International Business Machines Corp. is planning to sell its second U.S. dollar-denominated debt offering this year, as yields in the corporate bond market reach record lows.
IBM may sell three-year notes at a relative yield of about 45 to 47 basis points more than similar-maturity Treasuries, and seven-year bonds in the 70 basis points area, said a person familiar with the offering who declined to be identified because terms aren’t set. A basis point is 0.01 percentage point.
In February, when IBM last issued dollar-denominated debt, it got a record-low coupon on three-year notes, selling $1.5 billion of 0.55 percent securities, at 42 basis points more than Treasuries, according to data compiled by Bloomberg.
The world’s biggest computer-services provider will use the proceeds for general corporate purposes, which could include debt repayments, preferred stock redemptions, possible acquisitions or expansion, according to a filing dated today.
The bonds, which are SEC registered, are expected to be rated Aa3 by Moody’s Investors Service and A+ by Standard & Poor’s, the person said. Barclays Plc, HSBC Holdings Plc, JPMorgan Chase & Co., and Royal Bank of Scotland Group Plc are managing the sale. The transaction will be of benchmark size, typically at least $500 million, the person said.

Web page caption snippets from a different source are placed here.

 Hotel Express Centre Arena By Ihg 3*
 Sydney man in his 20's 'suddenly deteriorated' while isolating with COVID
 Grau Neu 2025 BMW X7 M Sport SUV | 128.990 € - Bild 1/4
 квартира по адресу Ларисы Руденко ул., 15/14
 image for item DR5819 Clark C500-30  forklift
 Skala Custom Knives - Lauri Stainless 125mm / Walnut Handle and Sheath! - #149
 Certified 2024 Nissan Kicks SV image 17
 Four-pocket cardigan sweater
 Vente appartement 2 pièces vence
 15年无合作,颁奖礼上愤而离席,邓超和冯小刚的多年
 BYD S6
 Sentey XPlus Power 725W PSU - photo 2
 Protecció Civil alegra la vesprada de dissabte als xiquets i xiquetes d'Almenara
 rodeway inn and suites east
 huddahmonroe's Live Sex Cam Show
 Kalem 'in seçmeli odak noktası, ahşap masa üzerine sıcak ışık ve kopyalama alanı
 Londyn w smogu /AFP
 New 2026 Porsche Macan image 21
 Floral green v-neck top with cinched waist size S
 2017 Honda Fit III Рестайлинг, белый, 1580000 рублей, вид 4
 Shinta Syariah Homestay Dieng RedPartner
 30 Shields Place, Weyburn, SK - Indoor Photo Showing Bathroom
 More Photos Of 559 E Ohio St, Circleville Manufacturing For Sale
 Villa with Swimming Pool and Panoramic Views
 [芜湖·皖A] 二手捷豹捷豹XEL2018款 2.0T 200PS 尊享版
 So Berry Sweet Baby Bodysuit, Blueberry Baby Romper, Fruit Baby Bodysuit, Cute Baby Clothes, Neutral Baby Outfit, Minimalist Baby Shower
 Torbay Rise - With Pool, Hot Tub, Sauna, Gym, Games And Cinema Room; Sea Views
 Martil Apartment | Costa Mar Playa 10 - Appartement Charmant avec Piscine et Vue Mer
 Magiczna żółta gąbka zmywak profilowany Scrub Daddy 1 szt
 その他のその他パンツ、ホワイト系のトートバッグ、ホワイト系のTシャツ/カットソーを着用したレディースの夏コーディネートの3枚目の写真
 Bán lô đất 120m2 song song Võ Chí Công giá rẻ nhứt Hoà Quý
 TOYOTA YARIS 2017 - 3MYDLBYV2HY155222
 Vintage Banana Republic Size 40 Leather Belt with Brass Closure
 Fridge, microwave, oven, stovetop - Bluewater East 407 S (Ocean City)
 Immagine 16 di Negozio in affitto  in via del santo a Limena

IBM is offering bonds as company borrowing costs have reached record lows. Investment-grade corporate bond yields fell to 3.340 percent May 4, the least in data going back to 1986, according to the Bank of America Merrill Lynch U.S. Corporate Master Index.
In February, the Armonk, New York-based company also sold $1 billion of 1.25 percent, five-year bonds, at a 62 basis points spread, Bloomberg data show.